In 1998, a land exchange bill was introduced in Congress, but environmentalists lobbied hard against it. As a compromise, Congress appropriated $37.5 million under the King Cove Health and Safety Act for improvements to the King Cove medical clinic and airport and to fund a marine transportation system link (the hovercraft) between the two cities. Even though the clinic that was built is state-of-the art, the small community is unable to attract doctors with the skill level needed to handle emergencies and life-threatening illnesses. A multi-million-dollar hovercraft was also purchased to ferry residents from King Cove to the Cold Bay airport. However, officials with the Aleutians East Borough say it’s now obvious that the hovercraft is not a long-term solution.
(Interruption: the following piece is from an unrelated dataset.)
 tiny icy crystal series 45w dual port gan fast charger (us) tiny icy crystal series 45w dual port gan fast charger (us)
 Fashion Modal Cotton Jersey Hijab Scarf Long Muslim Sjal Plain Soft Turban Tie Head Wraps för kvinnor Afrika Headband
As part of legislation introduced in June 2007, members of the King Cove Corporation decided they would be willing to give up a large amount of their valuable land because this transportation access is so important to the community. The King Cove Corporation (created by the Alaska Native Claims Settlement Act) will relinquish more than 18,000 acres. The State of Alaska has brought nearly 43,000 acres to this land exchange. If all proceeds as proposed, the United States Fish and Wildlife Service (USFWS) would transfer a 1600-acre island near Kodiak, which the Coast Guard will soon surplus, plus approximately 206 acres, for a road corridor through a very small portion of the Izembek Refuge. Approximately 97 acres of the corridor would be in the wilderness section of the refuge. As part of the legislation, 45,493 acres of state and King Cove Corporation-donated land would be added to the wilderness. The state would pay for the cost of the road corridor construction through its annual STIP (Statewide Transportation Improvement Program).
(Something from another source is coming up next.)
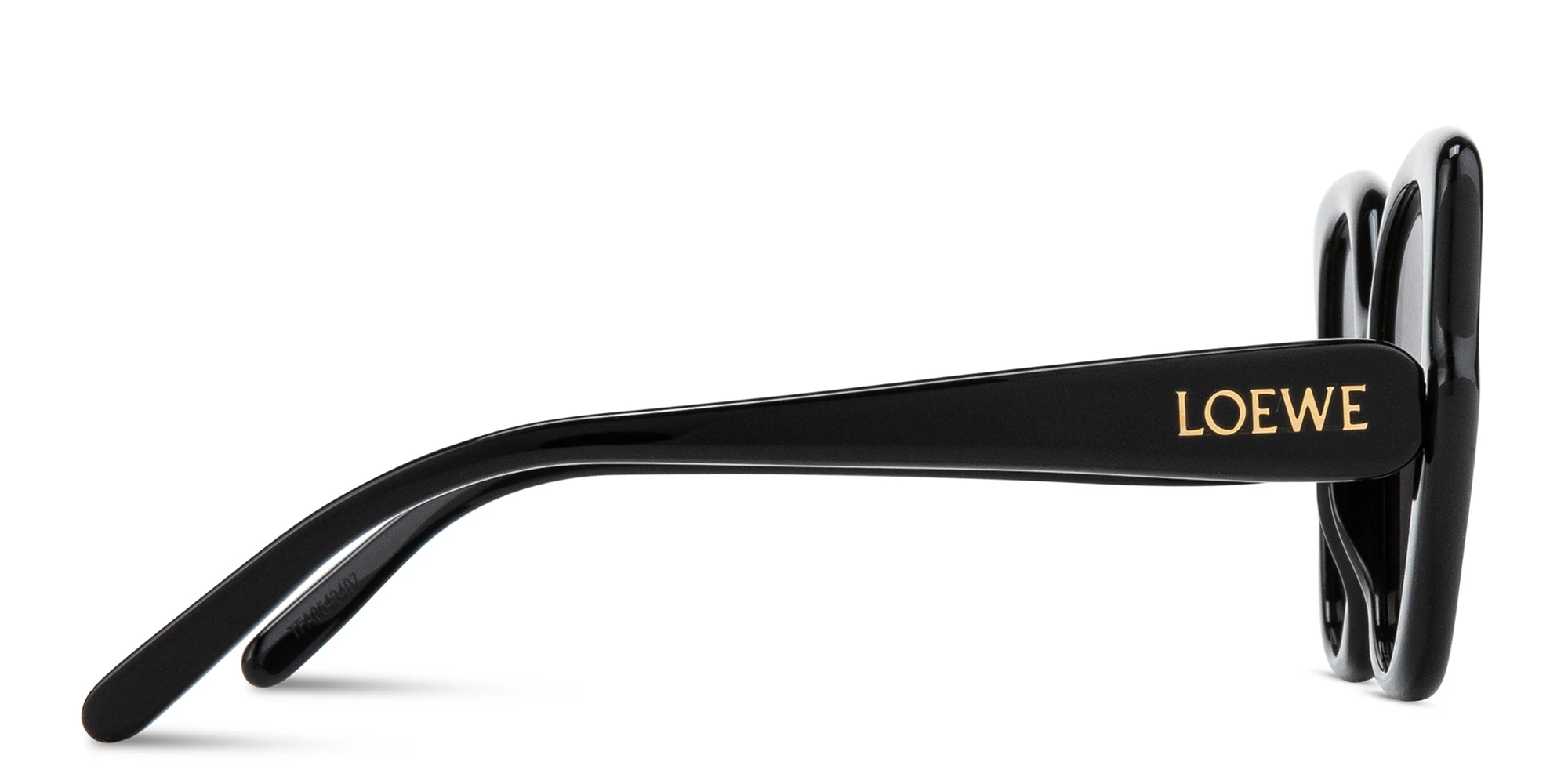 Shop LOEWE Think Oversized Square Sunglasses in Black online.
Legislation proposing the unprecedented land exchange between the State of Alaska, the King Cove Corporation and the federal government received a hearing before the U.S. House Natural Resources Committee last October. The bill, H.R. 2801, would add 61,723 acres of key wildlife habitat to the Izembek and Alaska Peninsula Wildlife Refuges. In exchange, the state would receive title to a small amount of land for a single-lane gravel road from King Cove, through Alaska’s Izembek National Wildlife Refuge, to Cold Bay’s all-weather airport, located about 25 miles away.
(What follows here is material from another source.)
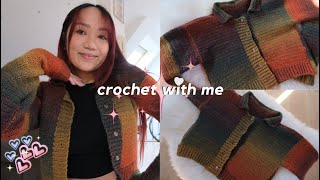 Crochet Fall Cardigan // first ever crochet tutorial *i am shakiiiing*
Support for the legislation has come from the local, state and national level. Borough Mayor Stanley Mack and King Cove Corporation President Della Trumble testified in favor of the bill at the hearing last fall. Dale Hall, Director of the U.S. Fish and Wildlife Service, also expressed his support for the legislation.
“This proposal would offer approximately 38 acres for every acre of wetlands and wildlife habitat, and 200 acres for every acre of wilderness exchanged,” Hall said during his testimony. “The Administration recognizes the legitimate needs of Alaska residents to have access to medical, dental and other health care,” he added.
Last year, Alaska Governor Sarah Palin sent letters of support for the bill to Alaska’s Congressional Delegation. In June 2007, Rep. Don Young (R-Alaska) and Senators Lisa Murkowski and Ted Stevens introduced companion legislation, (H.R. 2801 and S.1680) authorizing the land exchange. Last fall, the Alaska Federation of Natives weighed in and passed a resolution in favor of the land exchange bill. The National Congress of American Indians also passed a resolution in support of the bill.
“We need a safe, reliable transportation option,” said Aleutians East Borough Mayor Stanley Mack. “A road connection to Cold Bay would save lives. It’s the only workable, long-term solution.”